* **What you are asked to do**
The lines below from the one with "Dino: Very Simple Bd Style T-rex Clip Art" up to and including the one with "itokir design (itokiri_design)さんの外国人向けツアー『114%" are what you should set down, exactly and without pictures.

* **Exercise material**
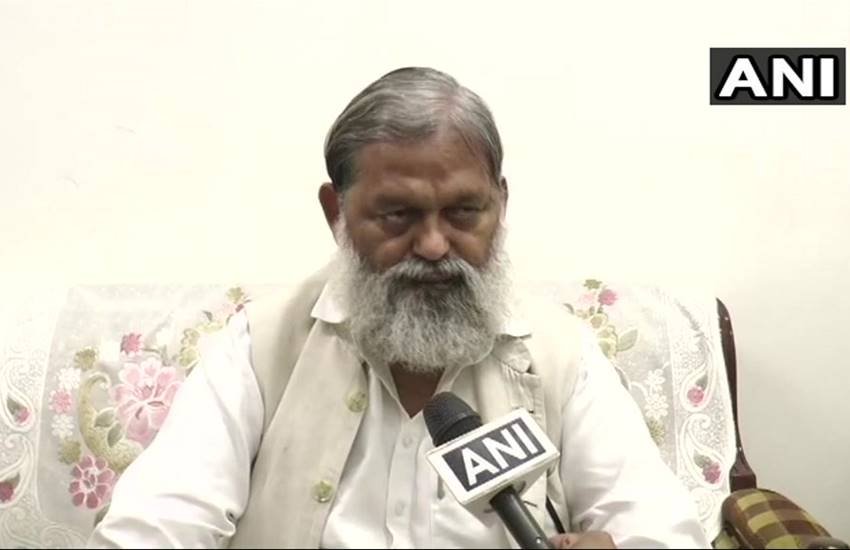हरियाणा के कैबिनेट मंत्री अनिल विज। (फोटो सोर्स- एएनआई)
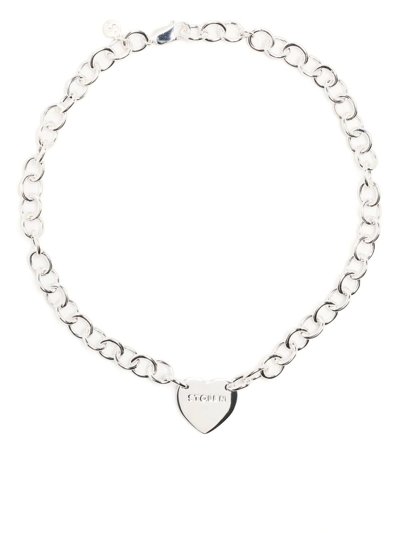 Stolen Girlfriends Club Cold Heart Sterling Silver Choker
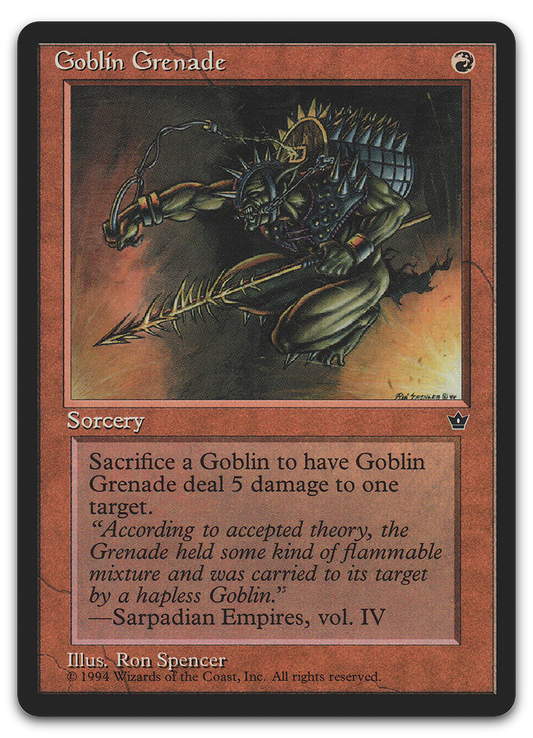 Goblin Grenade (Spencer) (Fallen Empires)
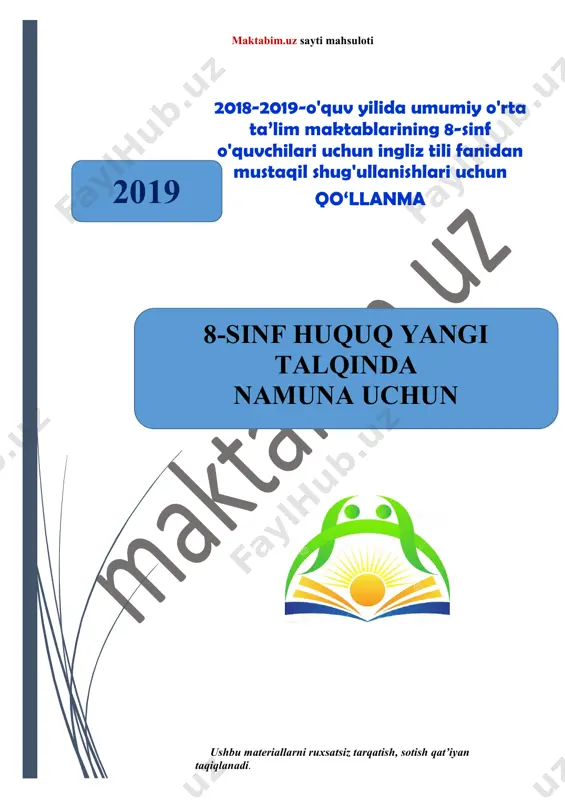 8-sinf huquq_maktabim.uz namuna — PDF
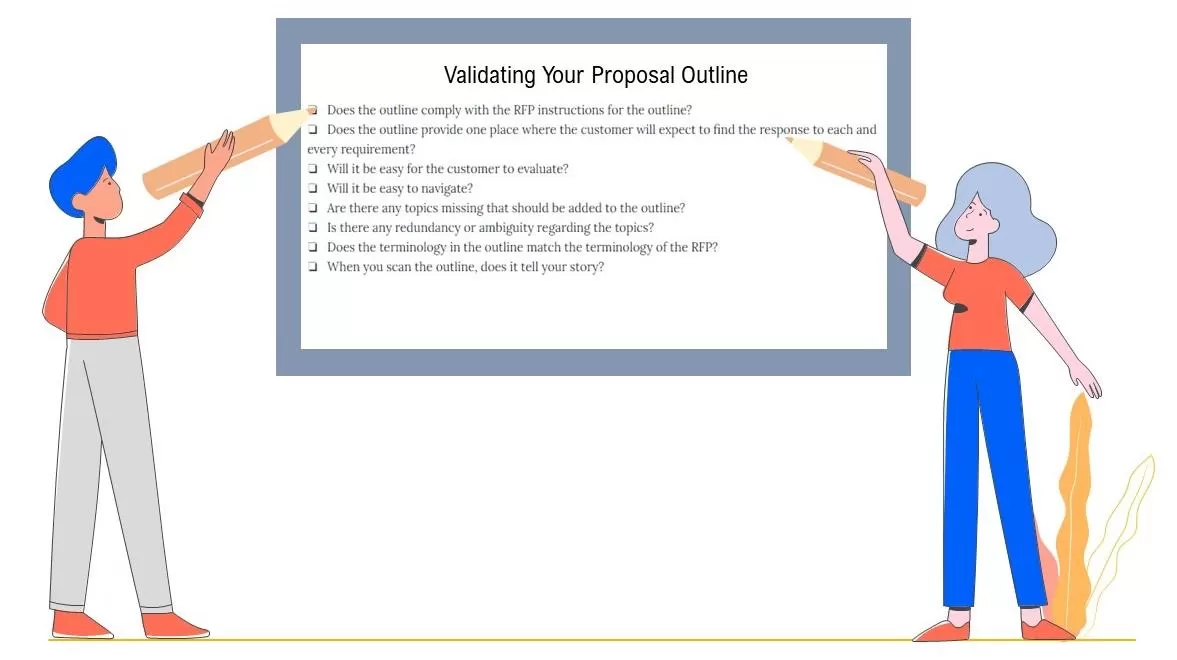 Checklist for validating your proposal outline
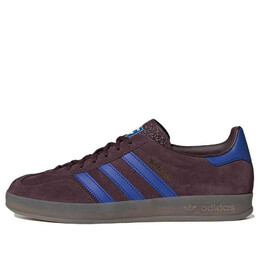 Кроссовки оригиналы gazellle закрытые Adidas, бордовый ig9980 | shadow maroon/semi lucid blue/simple brown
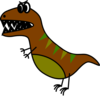 Dino: Very Simple Bd Style T-rex Clip Art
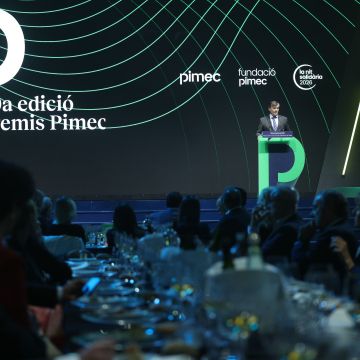 Antoni Cañete, presidente de Pimec, en la 39.ª edición de los Premios Pimec en el Palau Sant Jordi © Cedida Antoni Cañete, presidente de Pimec, en la 39.ª edición de los Premios Pimec en el Palau Sant Jordi © Cedida
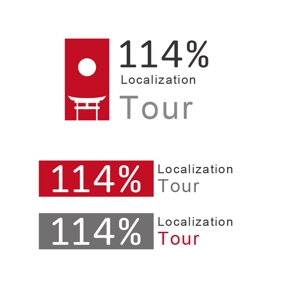 itokir design (itokiri_design)さんの外国人向けツアー『114% Localization Tour』のロゴへの提案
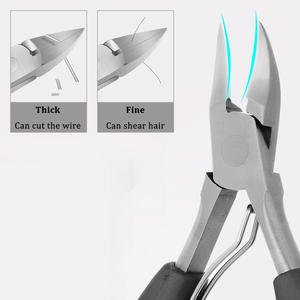 Profesional OEM personalizado estilo japonés de acero inoxidable Podología uñas encarnadas Nipper Super Sharp hoja curva Toe Trimmer - Product Image 4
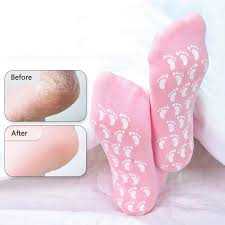 Moisturizing Spa Gel Socks Pair – Silicone Heel Socks for Dry & Cracked Heels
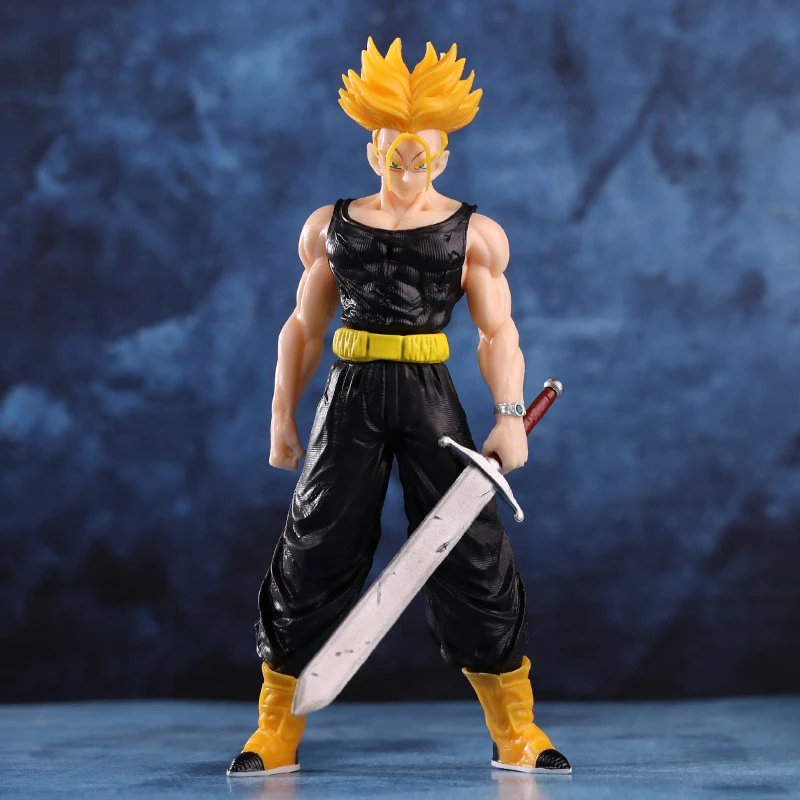 21CM Dragon Ball Z Trunks Anime Figure Toys Super Saiyan Future Trunks PVC Action Figurines GK Statue Collection PVC Model Doll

* **Answer box**
 Dino: Very Simple Bd Style T-rex Clip Art
 Antoni Cañete, presidente de Pimec, en la 39.ª edición de los Premios Pimec en el Palau Sant Jordi © Cedida Antoni Cañete, presidente de Pimec, en la 39.ª edición de los Premios Pimec en el Palau Sant Jordi © Cedida
 itokir design (itokiri_design)さんの外国人向けツアー『114% Localization Tour』のロゴへの提案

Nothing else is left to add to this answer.